Oh crikey, it's not you who should apologise. Your post didn't inflame at all. Now being made aware how you're feeling sideshow018, it is for me to apologise. You see I didn't realise by putting direct questions to you it would provoke awkward feelings. I read your post as containing varying degrees of unclear comments about smart phones. My original post makes no mention of anyother devices, as you have, as I didn't want to get involved in using other devices that could cloud what is happening with smart phones. Your replies don't acknowledge that the techniques and methods highlighted are happening. I believed you were more likely to have come across erasure/sanitisation and other ways that prevent data revelation given your work in the 'deleted' domain that you do. My mistake was believing that you are involved with others, so I am led to believe, providing expert and examiner training, inventing techniques and identifying methods of discovery for evidence. I believed you wouldn't be offended with direct questions that would equally show approaching limitations with Chip Off and JTAG in particular cases. For this, I am so sorry I made you feel uncomfortable.

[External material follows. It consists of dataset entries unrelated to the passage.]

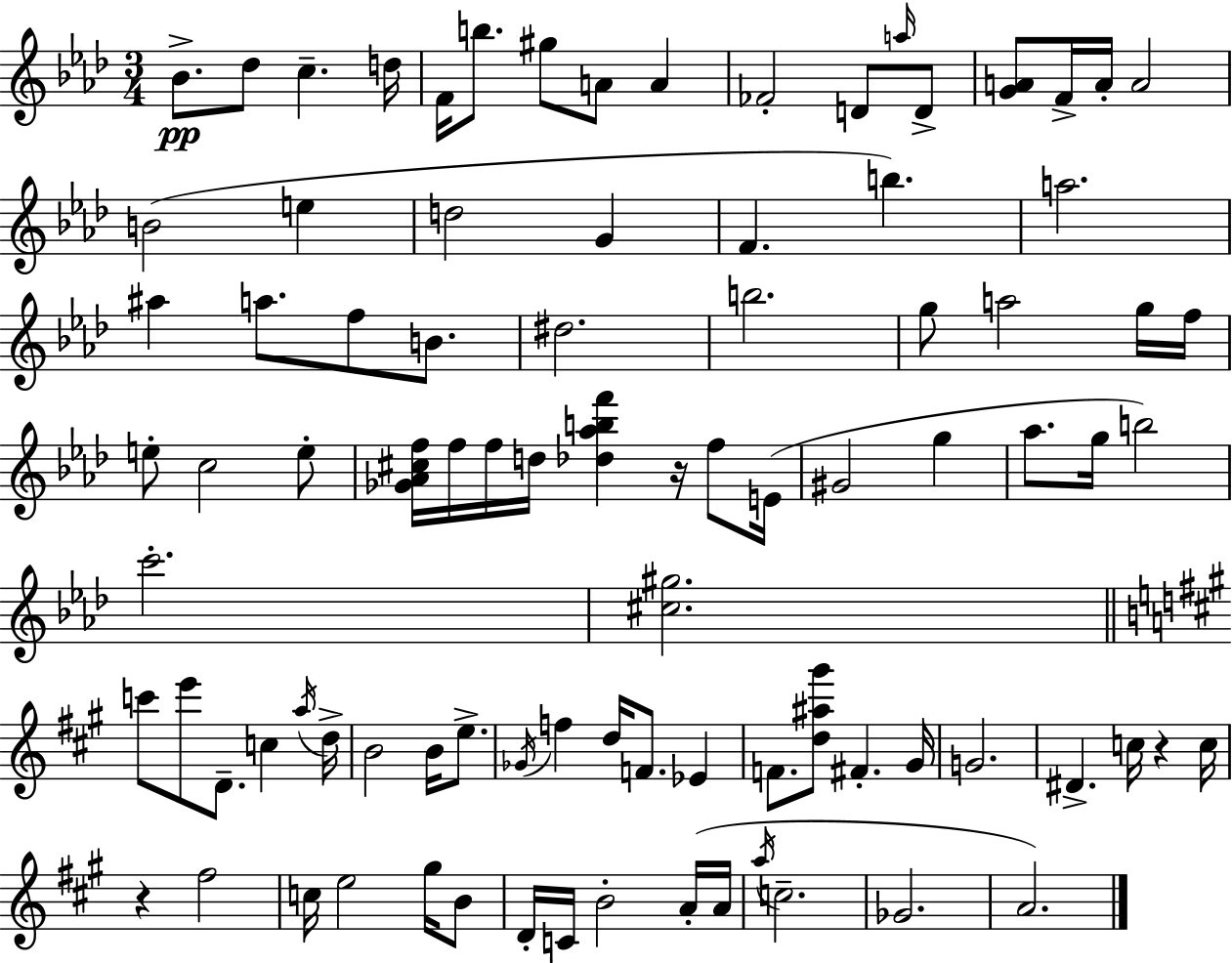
Bb4/e. Db5/e C5/q. D5/s F4/s B5/e. G#5/e A4/e A4/q FES4/h D4/e A5/s D4/e [G4,A4]/e F4/s A4/s A4/h B4/h E5/q D5/h G4/q F4/q. B5/q. A5/h. A#5/q A5/e. F5/e B4/e. D#5/h. B5/h. G5/e A5/h G5/s F5/s E5/e C5/h E5/e [Gb4,Ab4,C#5,F5]/s F5/s F5/s D5/s [Db5,Ab5,B5,F6]/q R/s F5/e E4/s G#4/h G5/q Ab5/e. G5/s B5/h C6/h. [C#5,G#5]/h. C6/e E6/e D4/e. C5/q A5/s D5/s B4/h B4/s E5/e. Gb4/s F5/q D5/s F4/e. Eb4/q F4/e. [D5,A#5,G#6]/e F#4/q. G#4/s G4/h. D#4/q. C5/s R/q C5/s R/q F#5/h C5/s E5/h G#5/s B4/e D4/s C4/s B4/h A4/s A4/s A5/s C5/h. Gb4/h. A4/h. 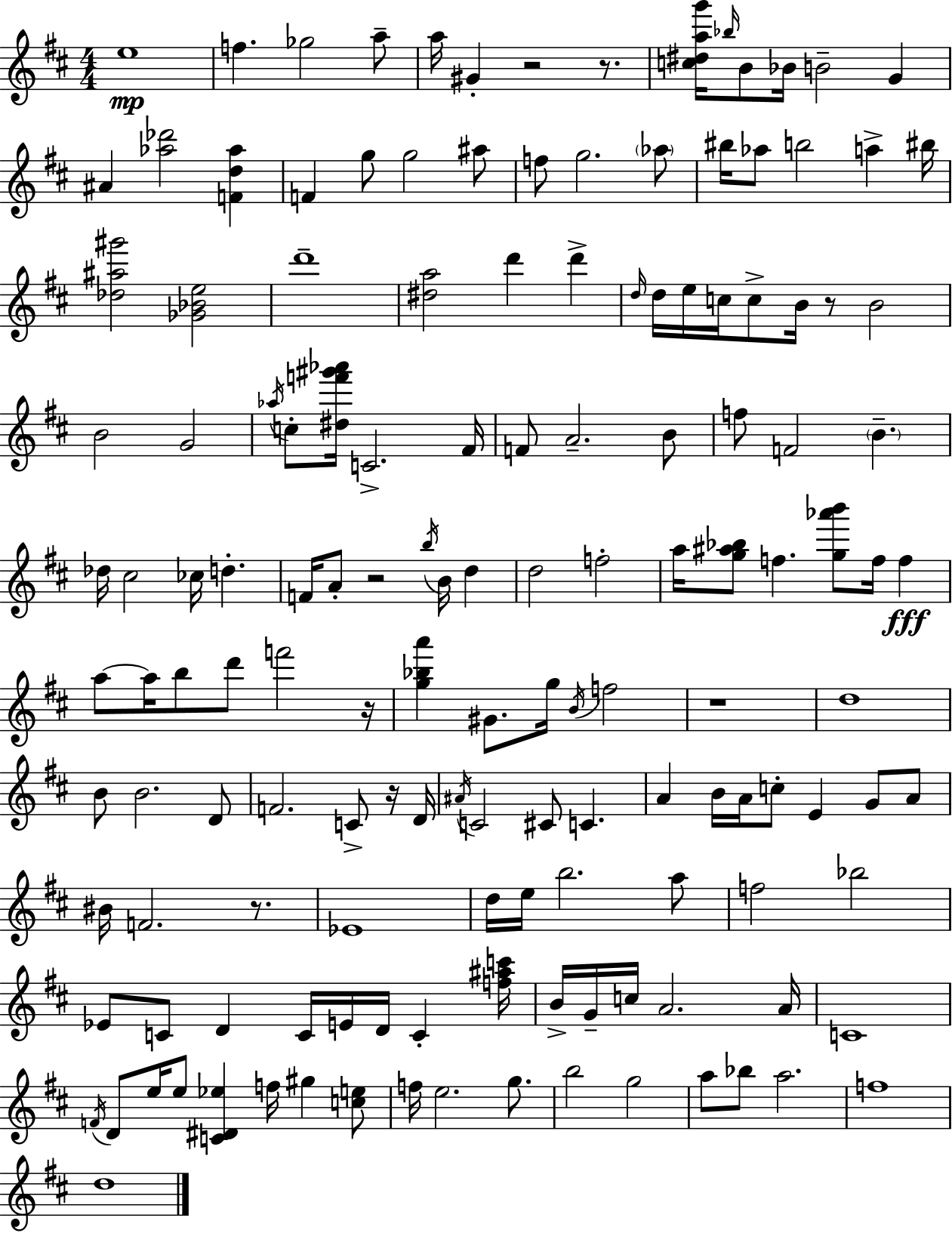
{
  \clef treble
  \numericTimeSignature
  \time 4/4
  \key d \major
  e''1\mp | f''4. ges''2 a''8-- | a''16 gis'4-. r2 r8. | <c'' dis'' a'' g'''>16 \grace { bes''16 } b'8 bes'16 b'2-- g'4 | \break ais'4 <aes'' des'''>2 <f' d'' aes''>4 | f'4 g''8 g''2 ais''8 | f''8 g''2. \parenthesize aes''8 | bis''16 aes''8 b''2 a''4-> | \break bis''16 <des'' ais'' gis'''>2 <ges' bes' e''>2 | d'''1-- | <dis'' a''>2 d'''4 d'''4-> | \grace { d''16 } d''16 e''16 c''16 c''8-> b'16 r8 b'2 | \break b'2 g'2 | \acciaccatura { aes''16 } c''8-. <dis'' f''' gis''' aes'''>16 c'2.-> | fis'16 f'8 a'2.-- | b'8 f''8 f'2 \parenthesize b'4.-- | \break des''16 cis''2 ces''16 d''4.-. | f'16 a'8-. r2 \acciaccatura { b''16 } b'16 | d''4 d''2 f''2-. | a''16 <g'' ais'' bes''>8 f''4. <g'' aes''' b'''>8 f''16 | \break f''4\fff a''8~~ a''16 b''8 d'''8 f'''2 | r16 <g'' bes'' a'''>4 gis'8. g''16 \acciaccatura { b'16 } f''2 | r1 | d''1 | \break b'8 b'2. | d'8 f'2. | c'8-> r16 d'16 \acciaccatura { ais'16 } c'2 cis'8 | c'4. a'4 b'16 a'16 c''8-. e'4 | \break g'8 a'8 bis'16 f'2. | r8. ees'1 | d''16 e''16 b''2. | a''8 f''2 bes''2 | \break ees'8 c'8 d'4 c'16 e'16 | d'16 c'4-. <f'' ais'' c'''>16 b'16-> g'16-- c''16 a'2. | a'16 c'1 | \acciaccatura { f'16 } d'8 e''16 e''8 <c' dis' ees''>4 | \break f''16 gis''4 <c'' e''>8 f''16 e''2. | g''8. b''2 g''2 | a''8 bes''8 a''2. | f''1 | \break d''1 | \bar "|."
}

To avoid any further misunderstandings you might perceive, I withdraw my questions to you. I hope you have no hard feeling on this.

————————–

To anyone else who has looked into this area do remember, from my own research and tests, I could still be shown to be wrong. I have no problem with discovery through trial and error. Other motivations to understand is also driven by the increasing guidance postulated in newer evidential criteria being introduced or implemented, such as

- ISO/IEC 270372012, Information technology – Security techniques – Guidelines for identification, collection, acquisition, and preservation of digital evidence;

- and ISO17025 (http//en.wikipedia.org/wiki/ISO_17025)

- etc.

My qustions are aimed at scraping off the surface of responses in order to understand a person's reply as to whether it is underpinned with fact, as opposed to particular comments which maybe based upon personal hopes and idealism.

With methods/techniques being implemented into smart phones to erase, sanitise and prevent revelation, as they are on the increase, my analysis so far is that the scales are moving against Chip Off and JTAG with respect to the laws of diminishing returns of recovering deleted content from smartphones in particular cases. Because there has been an increase in these methods/techniques above the natural question arises how does this impact on evidence and is this the beginning, the beginning of the end [(?) question mark] using Chip Off and JTAG?

For clarity and avoidance of doubt the comments are directed to smart phones. I fully accept the term mobile phone will equally be used in an inter-changeable fashion.

 
Posted : 25/11/2012 4:01 pm
jaclaz
(@jaclaz)
Posts: 5133
Illustrious Member
 

For clarity and avoidance of doubt the comments are directed to smart phones. I fully accept the term mobile phone will equally be used in an inter-changeable fashion.

It is nowadays a very thin line, but I believe it still exists.

As I see it "SmartPhones" are real "little sized" computers and the trend is to have them even more so, thus *anything* that is appearing on the market, one way or the other, tends to "mimic" what happens on "real" computers, and since the accent on security/privacy has been lately IMHO being increased, it is very likely that things such as "on the fly encryption" will be more common.
This makes sense also from a Commercial point of view, you have a device that already has a powerful processor and that you are trying to sell to customers (that largely already have a perfectly working mobile phone) by leveraging on the "added features" your product has when compared to the competitors, for some time it has been "touch screen", then it has been "touch screen with gestures", "security/encryption" while less evident to the eye, might well be next "added feature".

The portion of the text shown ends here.